ESPN is focusing on delivering its live networks to more devices, Murphy said. “With sports, 99 percent of the viewership is live, and that’s why we wanted to focus on the network itself,” he said. For Disney’s WatchESPN apps, the network was initially delivered ad-free, Murphy said. That gave the company the ability experiment with new ad formats and take advantage of the two-way nature of devices like tablets and smartphones, he said: “They have qualities that allow you to do much more engaging things."
Sports programming also drives social media use on second-screens, said Sean Casey, CEO of SocialGuide, a Brooklyn, N.Y.,-based startup that is aggregating information about how people discuss TV on social media platforms and selling those insights to media companies. “Sports events, in any given month, constitute about 2 percent of all TV programming but make up about 50 percent of the social activity” tied to TV, he said. Viewers are already discussing TV programs on social media, he said. “The next step is how can they [the media companies] bring their sponsors and advertisers and add them to the conversation,” he said.

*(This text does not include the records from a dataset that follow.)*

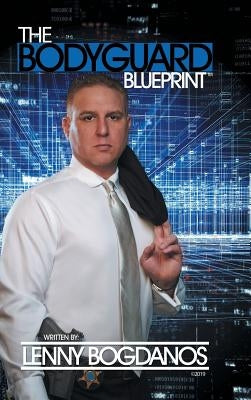 The Bodyguard Blueprint: A Field Guide to Executive Protection Business Success by Bogdanos, Lenny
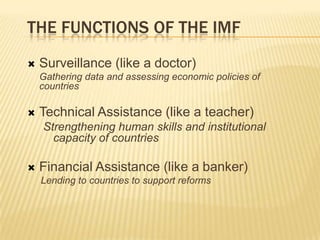 THE FUNCTIONS OF THE IMF


Surveillance (like a doctor)
Gathering data and assessing economic policies of countries



Technical Assistance (like a teacher)
Strengthening human skills and institutional
capacity of countries



Financial Assistance (like a banker)
Lending to countries to support reforms

 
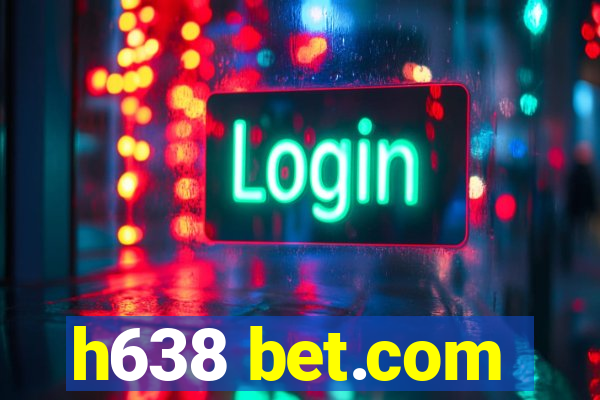 h638 bet.com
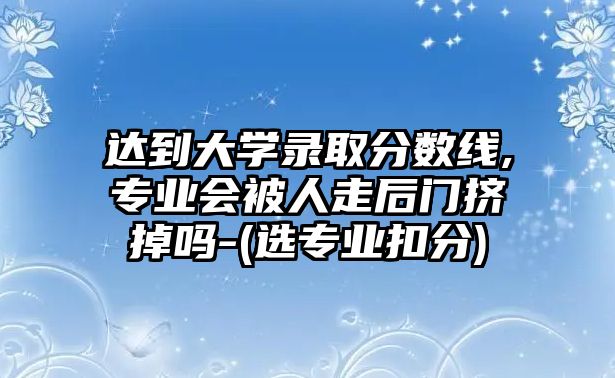 達(dá)到大學(xué)錄取分?jǐn)?shù)線,專業(yè)會(huì)被人走后門擠掉嗎-(選專業(yè)扣分)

Time Warner Cable executives said they're also focused on bringing their living-room TV experience to more devices. “We want to be on all the devices consumers are using,” said Kevin Leddy, executive vice president-technology policy and product management. On those devices, “our navigation can be a lot better than it is on a set-top box,” he said. He said TWC is streaming about 250 channels live to IP devices and plans to add more broadcast channels this year. TWC is already carrying broadcasters on its IP platform in New York: “We'll be adding the broadcasters from other markets through the end of this year.”